* **Exercise objective**:
Below is a listing. Set down exactly the lines from the one containing "amigos carregam o noivo" through the one containing "Radfahrer auf einer", both ends included, and leave out the rest.

* **Records for this task**:
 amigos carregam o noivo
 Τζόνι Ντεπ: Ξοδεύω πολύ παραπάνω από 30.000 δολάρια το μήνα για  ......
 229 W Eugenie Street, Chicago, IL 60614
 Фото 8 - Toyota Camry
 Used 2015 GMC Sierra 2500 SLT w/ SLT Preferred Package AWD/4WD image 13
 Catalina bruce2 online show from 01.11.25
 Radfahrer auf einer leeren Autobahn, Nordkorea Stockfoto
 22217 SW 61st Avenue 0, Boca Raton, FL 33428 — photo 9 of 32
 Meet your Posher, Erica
--
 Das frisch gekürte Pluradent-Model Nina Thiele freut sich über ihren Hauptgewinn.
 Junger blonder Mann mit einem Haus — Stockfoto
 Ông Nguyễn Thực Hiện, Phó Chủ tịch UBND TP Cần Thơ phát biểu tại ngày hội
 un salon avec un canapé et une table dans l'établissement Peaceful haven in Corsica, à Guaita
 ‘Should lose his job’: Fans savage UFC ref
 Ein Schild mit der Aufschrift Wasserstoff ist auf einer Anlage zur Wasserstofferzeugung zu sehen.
...
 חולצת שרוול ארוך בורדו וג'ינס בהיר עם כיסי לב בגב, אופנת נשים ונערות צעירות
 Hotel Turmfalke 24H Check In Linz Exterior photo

* **Exercise solution**:
 amigos carregam o noivo
 Τζόνι Ντεπ: Ξοδεύω πολύ παραπάνω από 30.000 δολάρια το μήνα για  ......
 229 W Eugenie Street, Chicago, IL 60614
 Фото 8 - Toyota Camry
 Used 2015 GMC Sierra 2500 SLT w/ SLT Preferred Package AWD/4WD image 13
 Catalina bruce2 online show from 01.11.25
 Radfahrer auf einer leeren Autobahn, Nordkorea Stockfoto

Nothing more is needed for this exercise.